---------- Records supplied

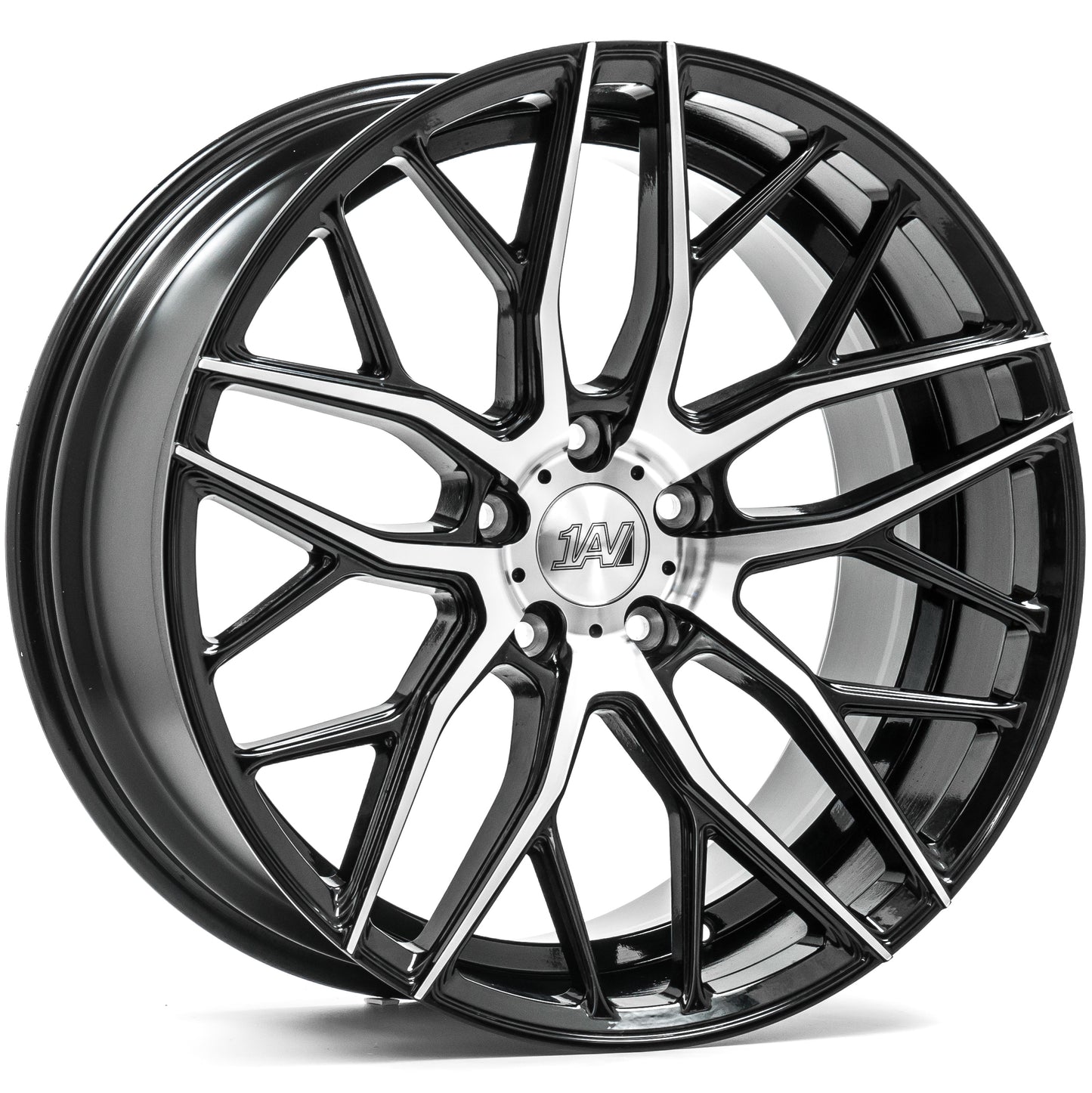 1AV ZX11 22x10.5 25 5x110 BLACK AND POLISHED FACE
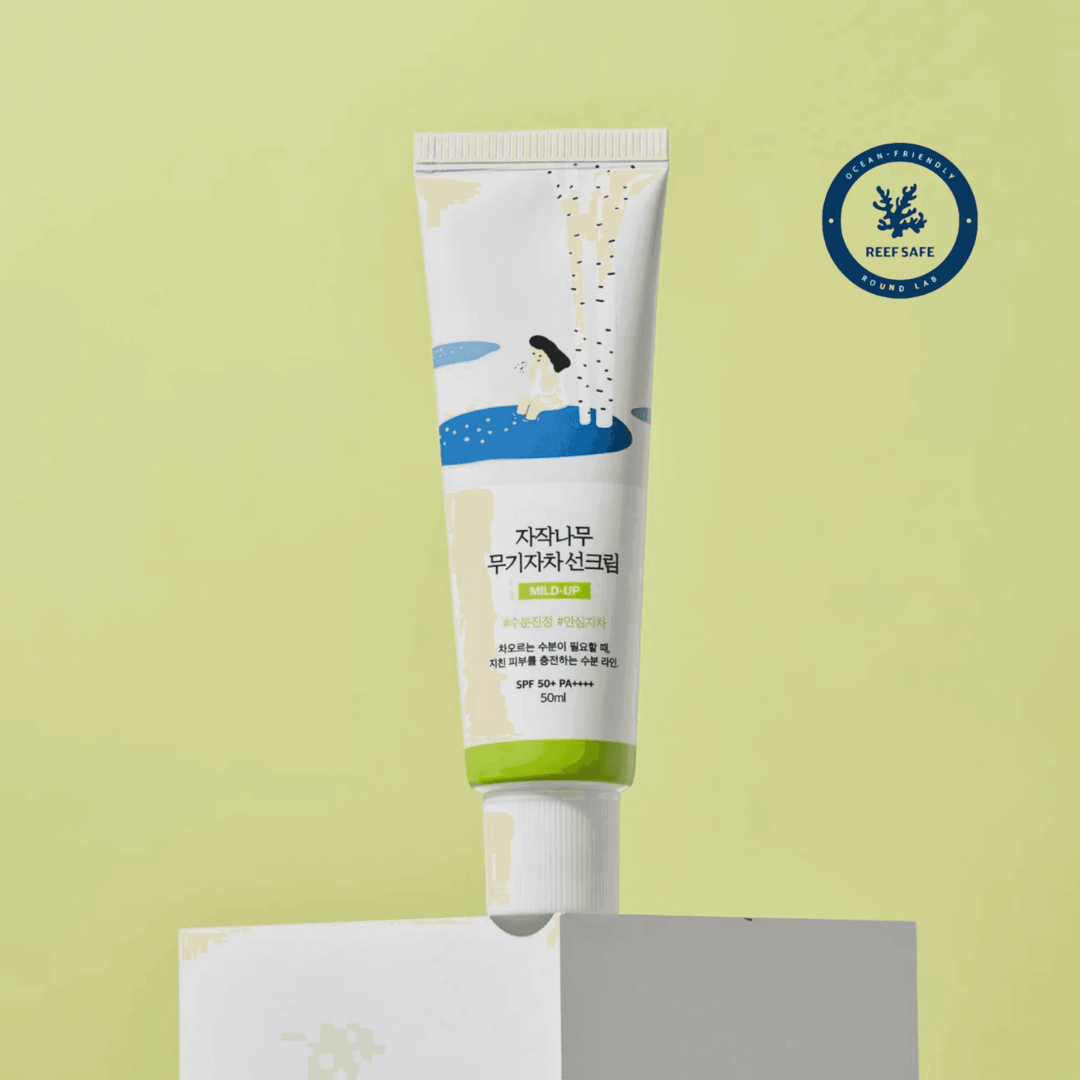 Round Lab - Birch Juice Moisturizing Mild - Up Sunscreen 50ml - AU Beauty Bazaar
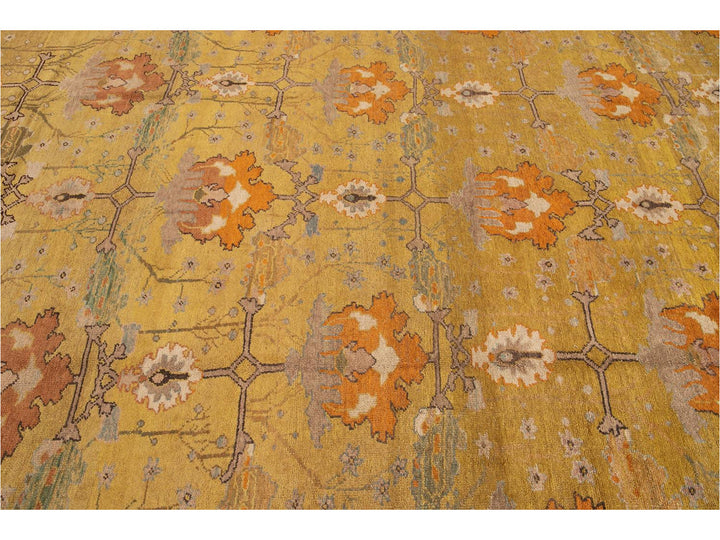 Vintage Donegal Arts & Crafts style Rug 10 X 13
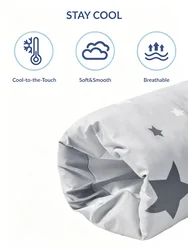 Almohada de lactancia suave y cómoda, agradable al tacto infantil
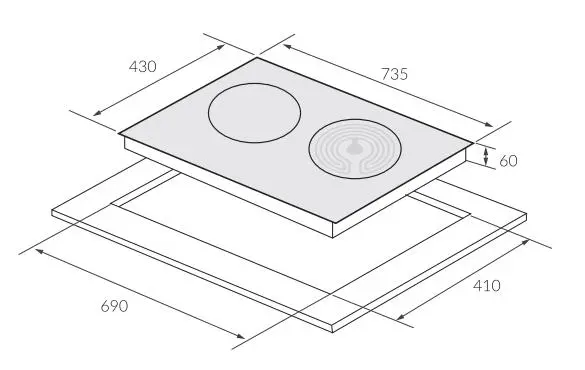 Bếp từ đôi Eurosun EU T256 Max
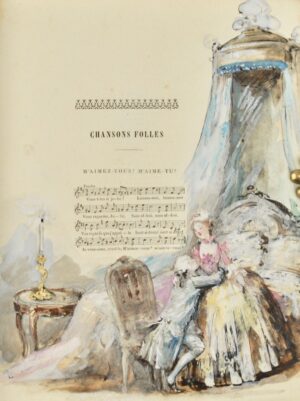 NADAUD (Gustave). Chansons folles.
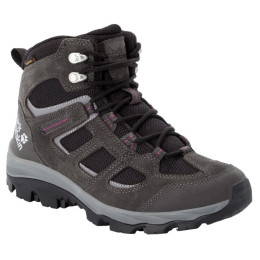 Ženske planinarske cipele Jack Wolfskin Vojo 3 Texapore Mid W tamno siva dark steel / purple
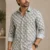 Ivory Sage Geometric Printed Casual Shirt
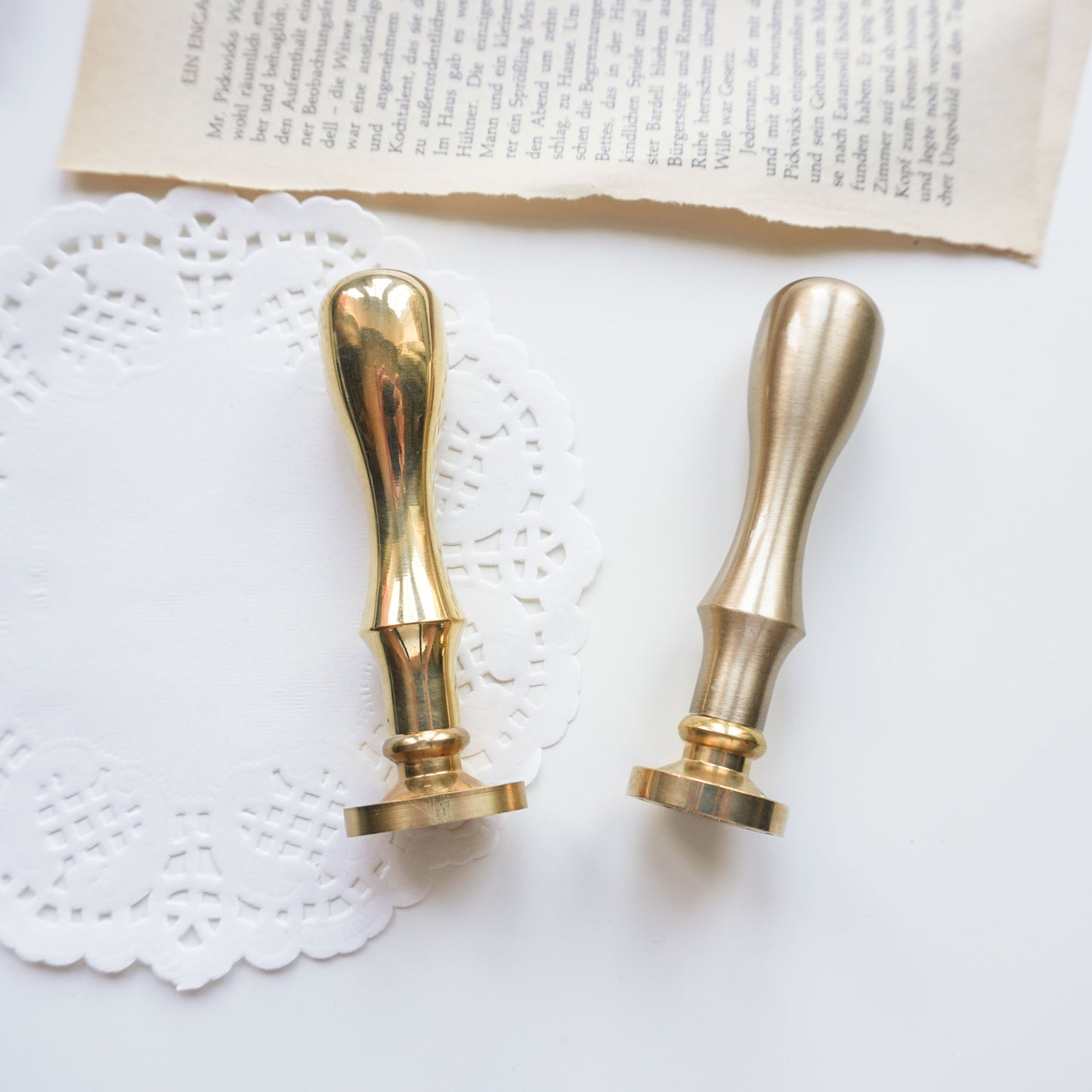 Brass Handle for Wax Seal Stamps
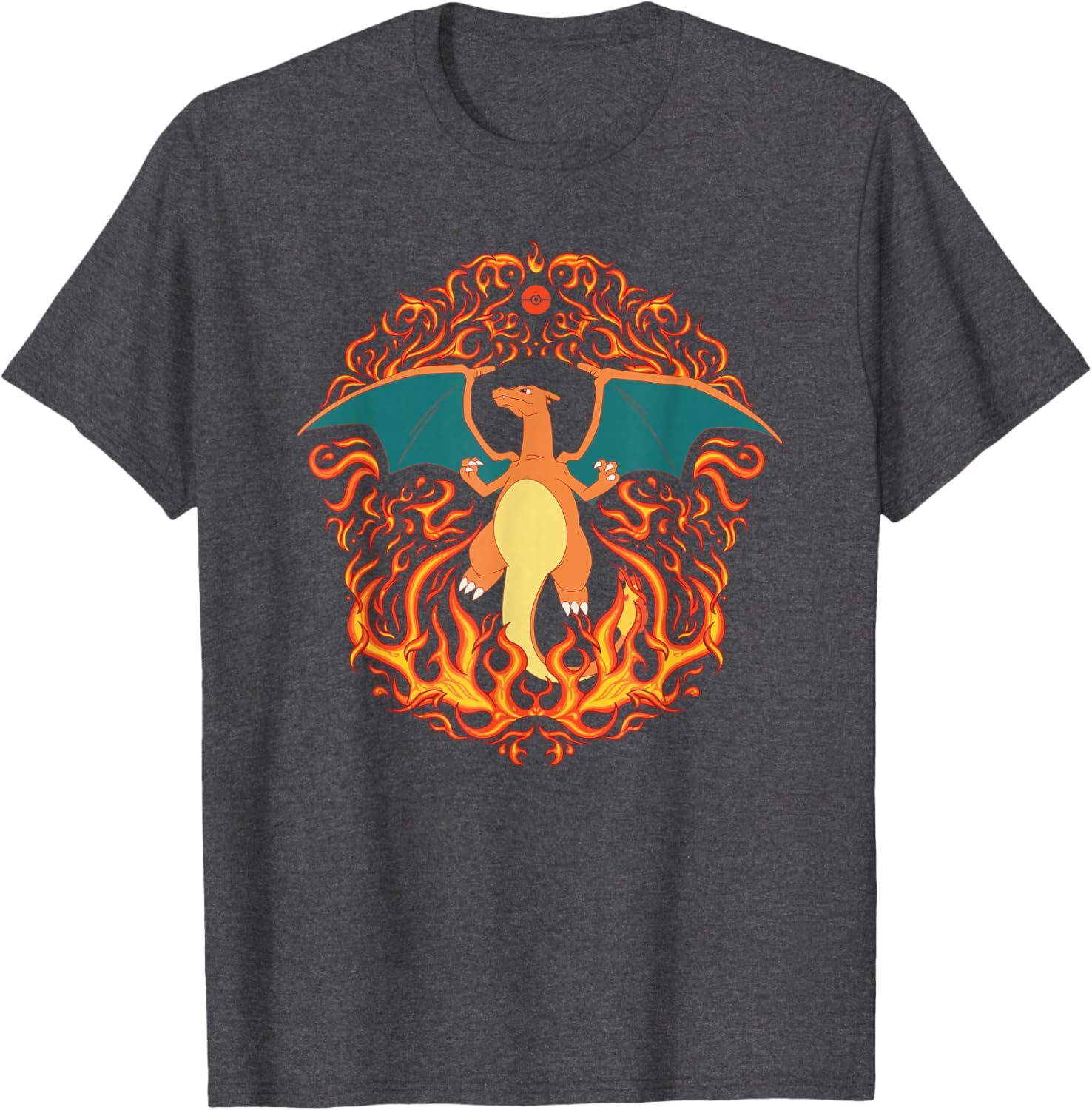 Pokémon Charizard Fire Type Generation 1 T-Shirt for Fans and Collectors - 10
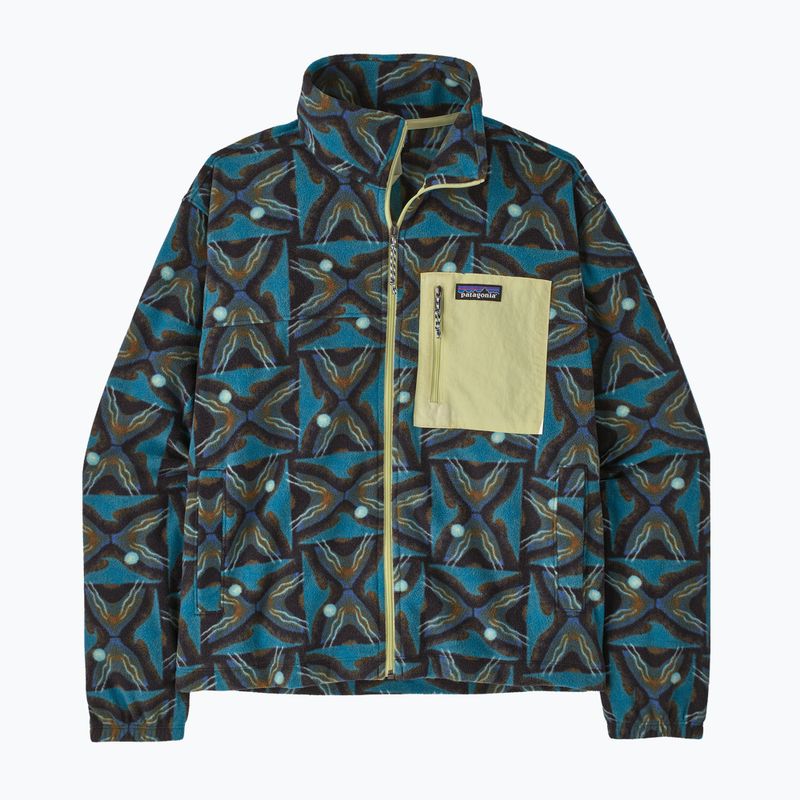 Bluza polarowa damska Patagonia Micro D Patch Pocket deep freeze: black 2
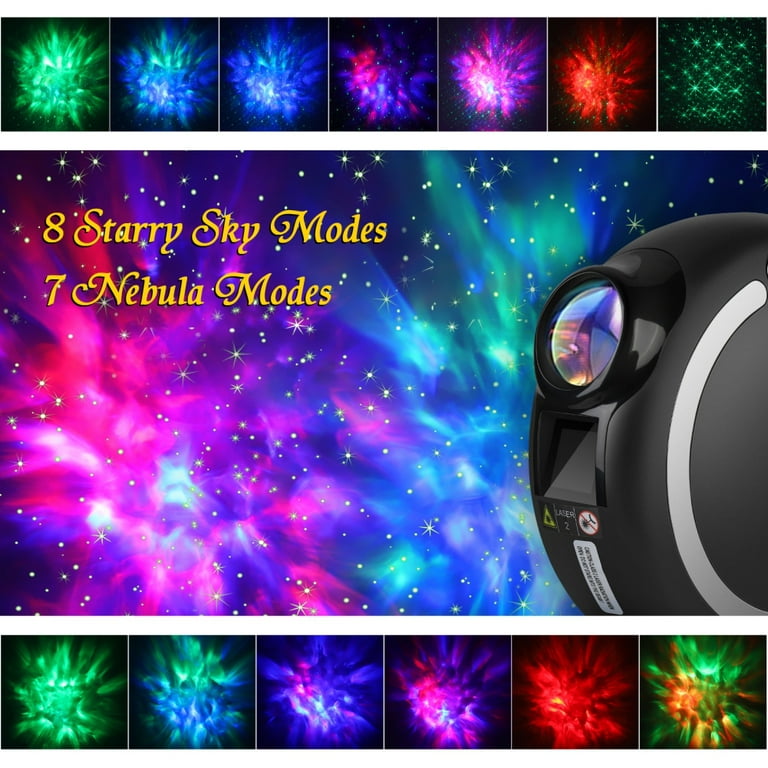 Urmagic Star Projector, 3 in 1 LED Strarry Sky Nebula Cloud Galaxy Projector with Remote Control, Bluetooth Music Speaker and Time Function, Night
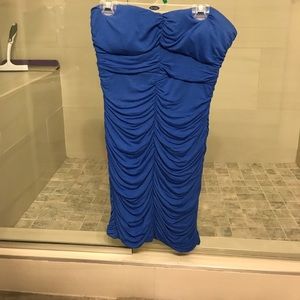 Blue and Black Dress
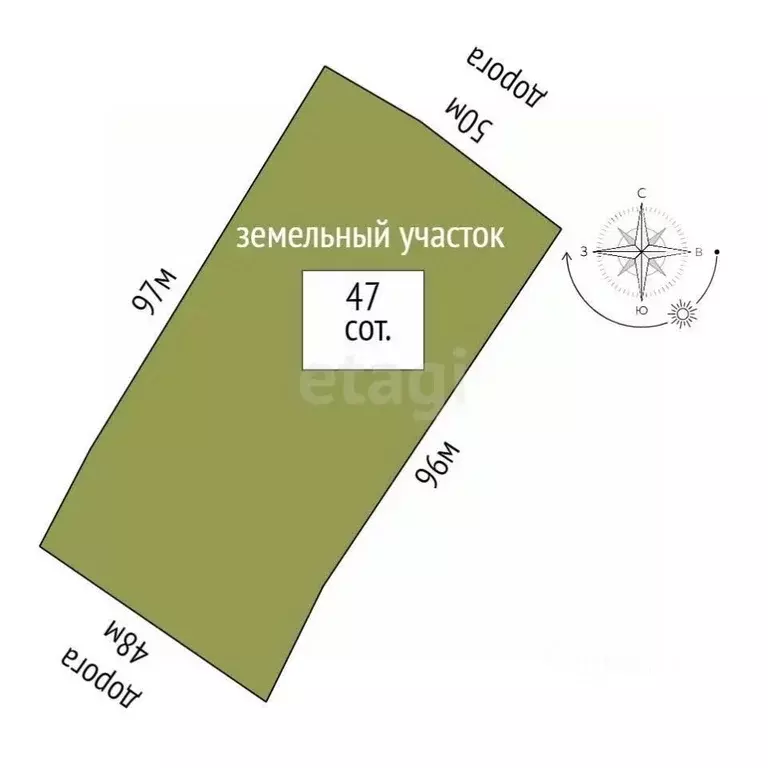 Участок в Тюменская область, Тюменский район, с. Борки  (47.0 сот.) - Фото 1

--------------------

Your goal → Please set down each line of the data above exactly as written, without the pictures.

Your solution →
 1AV ZX11 22x10.5 25 5x110 BLACK AND POLISHED FACE
 Round Lab - Birch Juice Moisturizing Mild - Up Sunscreen 50ml - AU Beauty Bazaar
 Vintage Donegal Arts & Crafts style Rug 10 X 13
 Almohada de lactancia suave y cómoda, agradable al tacto infantil
 Bếp từ đôi Eurosun EU T256 Max
 NADAUD (Gustave). Chansons folles.
 Ženske planinarske cipele Jack Wolfskin Vojo 3 Texapore Mid W tamno siva dark steel / purple
 Ivory Sage Geometric Printed Casual Shirt
 Brass Handle for Wax Seal Stamps
 Pokémon Charizard Fire Type Generation 1 T-Shirt for Fans and Collectors - 10
 Bluza polarowa damska Patagonia Micro D Patch Pocket deep freeze: black 2
 Urmagic Star Projector, 3 in 1 LED Strarry Sky Nebula Cloud Galaxy Projector with Remote Control, Bluetooth Music Speaker and Time Function, Night
 Blue and Black Dress
 Участок в Тюменская область, Тюменский район, с. Борки  (47.0 сот.) - Фото 1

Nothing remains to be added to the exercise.